La Cassazione ribadisce l’insufficienza del solo requisito formale per godere delle esenzioni d’imposta

La Corte di Cassazione ha nuovamente affrontato la questione, che si ripropone con una certa costanza, relativa alle a.s.d. e al loro regime fiscale agevolato.

Infatti, le realtà sportive dilettantistiche godono di alcuni vantaggi da un punto di vista della tassazione loro applicata, disposta da una normativa di favore, contenuta, tra le altre, nella l. 289/2002 e d.P.R. 917/1986.

Nella loro pronuncia, l’ordinanza n. 6361 del 2 marzo 2023, i giudici di legittimità hanno interamente cassato con rinvio la decisione adottata dalla Commissione Tributaria Regionale dell’Emilia Romagna, per non aver quest’ultima valutato il rispetto di tutti i requisiti formali richiesti ad un’associazione sportiva dilettantistica per ottenere i vantaggi fiscali ed aver omesso completamente la verifica della natura dell’attività concretamente svolta dall’ente, mentre in primo grado la Commissione Provinciale aveva respinto il ricorso del contribuente, ritenendo che il carattere commerciale della sua attività discendesse dal fatto che la ricerca di sponsor e clienti ricopriva una quota pari a quasi il totale dei ricavi complessivi della medesima.

È, difatti, ormai consolidato il principio (per cui si richiama il precedente deciso dalla sentenza di Cassazione n. 30008 del 2021) secondo il quale, al fine di ottenere il riconoscimento della fiscalità di favore, l’a.s.d. o s.s.d. ha l’onere di dimostrare non solo la ricorrenza di tutti i requisiti formalistici previsti dall’art. 148, comma 8 del d.P.R. 917/1986 (Tuir), ma anche fornire piena prova che l’attività principale è quella sportiva e non quella commerciale. Non è quindi l’aspetto esteriore a determinare la natura dell’attività svolta, dovendosi invece analizzare le modalità del suo effettivo esercizio.

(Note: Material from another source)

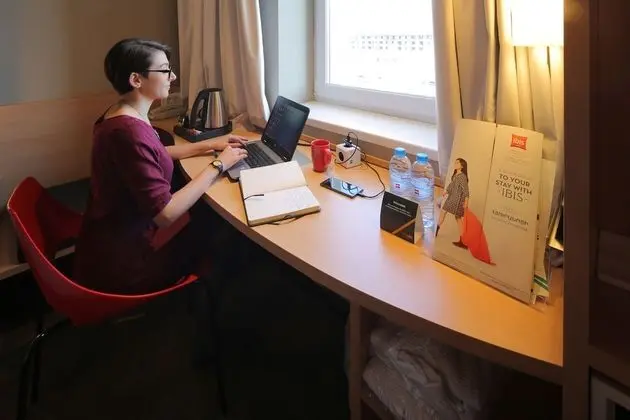 Premium Oda, 1 Çift Kişilik Yatak
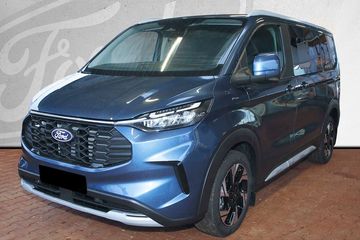 Ford Tourneo Custom 320 L1H1 Active A8 AWD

I giudici di merito devono quindi, innanzitutto, considerare e verificare che ricorrano tutti gli elementi di cui all’art. 148, comma 8 (divieto di distribuzione utili, devoluzione del patrimonio in caso di scioglimento ad altra associazione, partecipazione alla vita associativa, rendiconto economico e finanziario annuale, eleggibilità e democraticità, intrasmissibilità della quota associativa) e, successivamente, valutare l’attività svolta in sostanza. Se questa risulta diversa da quella sportiva, allora viene dichiarata la decadenza dell’ente dai benefici fiscali, poiché l’a.s.d. o s.s.d. è semplicemente uno schermo dietro il quale è in realtà praticata attività avente natura commerciale.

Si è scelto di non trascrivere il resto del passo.